New weapon in battle against HIV

Date: 13/01/2009
Researchers have discovered a potentially important new resistance factor in the battle against HIV: blood types. An international team of researchers from Canadian Blood Services, The Hospital for Sick Children (SickKids) and Lund University in Sweden have discovered that certain blood types are more predisposed to contracting HIV, while others are more effective at fending it off.
A carbohydrate-containing antigen, termed Pk blood group which is distinct from the well-known ABO and Rh blood grouping systems, is present at variable levels on the surface of white and red blood cells in the general population. A study published today in Blood, which is currently available online, shows that cells from rare individuals (≈ 1 in a million) who produce excess of this blood group antigen have dramatically reduced sensitivity to HIV infection. Conversely, another slightly more common subgroup of people who do not produce any Pk (≈ 5 in a million) was found to be much more susceptible to the virus.

"This study is not suggesting that your blood type alone determines if you will get HIV," says lead author Dr. Don Branch of Canadian Blood Services. "However, it does suggest that individuals who are exposed to the virus, may be helped or hindered by their blood status in fighting the infection."

Increasing the level of the Pk antigen in cells in the laboratory also resulted in heightened resistance to HIV, while lowering it increased susceptibility. The Pk molecule has been previously studied extensively by The Research Institute at the Hospital for Sick Children Senior Scientist Dr. Cliff Lingwood; Lund University's Dr.
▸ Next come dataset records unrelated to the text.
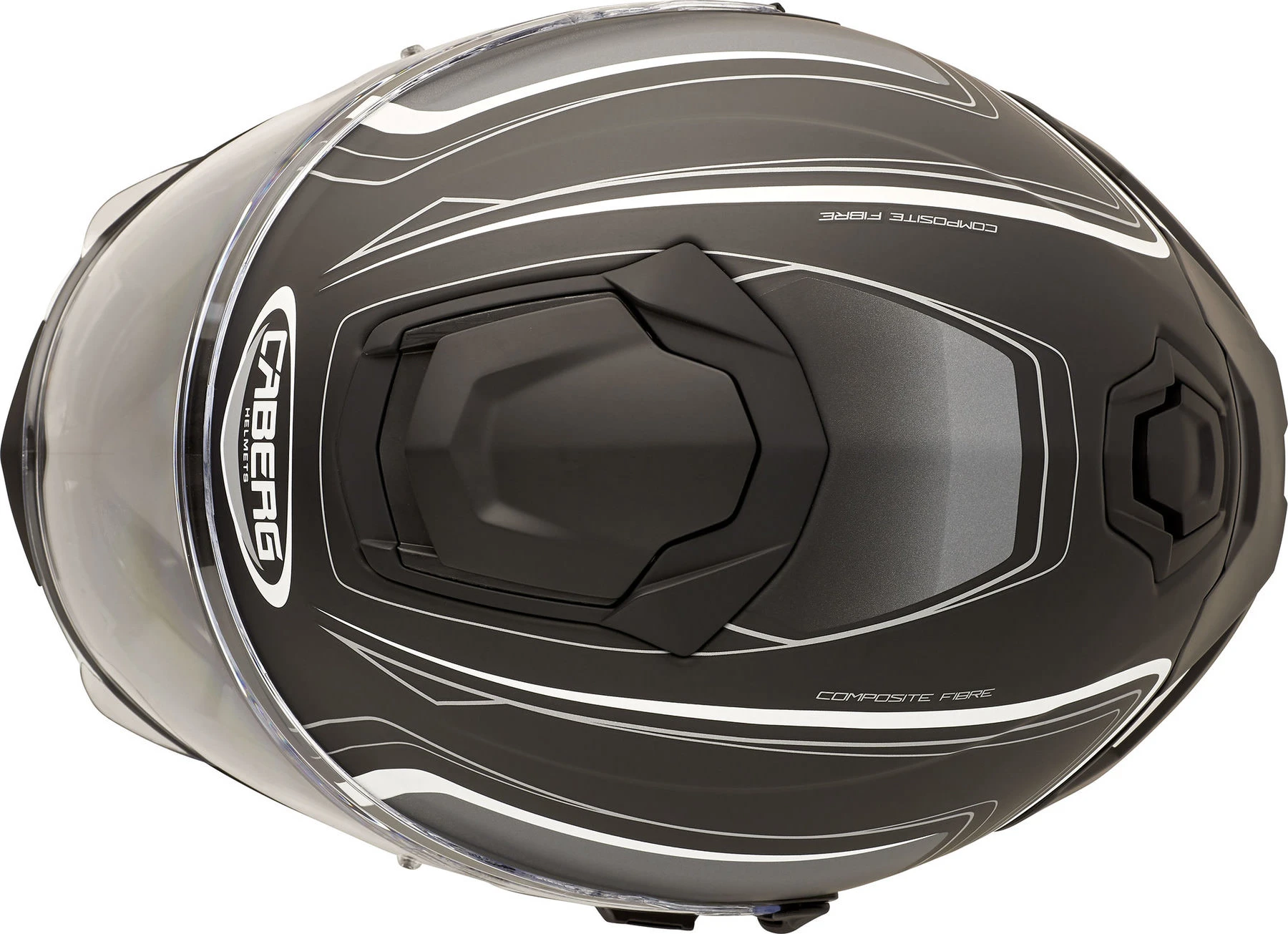 Caberg Drift Evo - Image 6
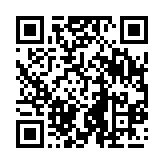 장성풍경 페이지 바로가기 주소(https://www.jangseong.go.kr/q/ezMxMTN8Mzc4fHNob3d8fQ==&e=M&s=3), QRCODE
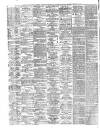 Hampshire Chronicle Saturday 16 February 1895 Page 4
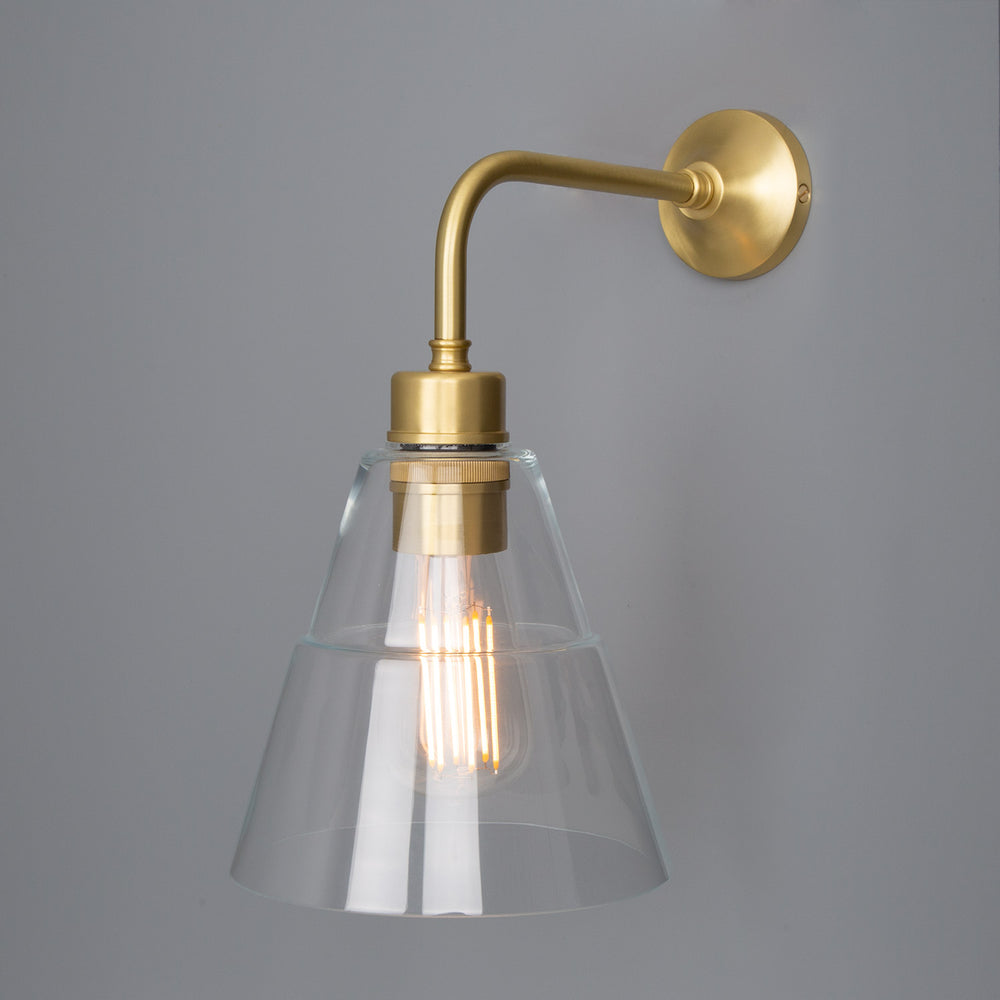Lyx Lyx Wall Light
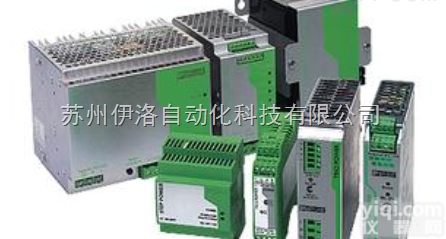 2281047 FLKM20  菲尼克斯phoenix德国|<em>紧凑型</em>时间<em>继电器</em>|工具|2280051 F...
Martin Olsson has identified underlying genetic reasons for Pk blood group variation.

"This discovery implicates the Pk level as a new risk factor for HIV infection and demonstrates the importance of blood-group-related science," says Dr. Olsson.

"The conclusions of this study pave the way for novel therapeutic approaches to induce HIV resistance and promote further understanding of the pandemic as a whole," says Dr. Lingwood.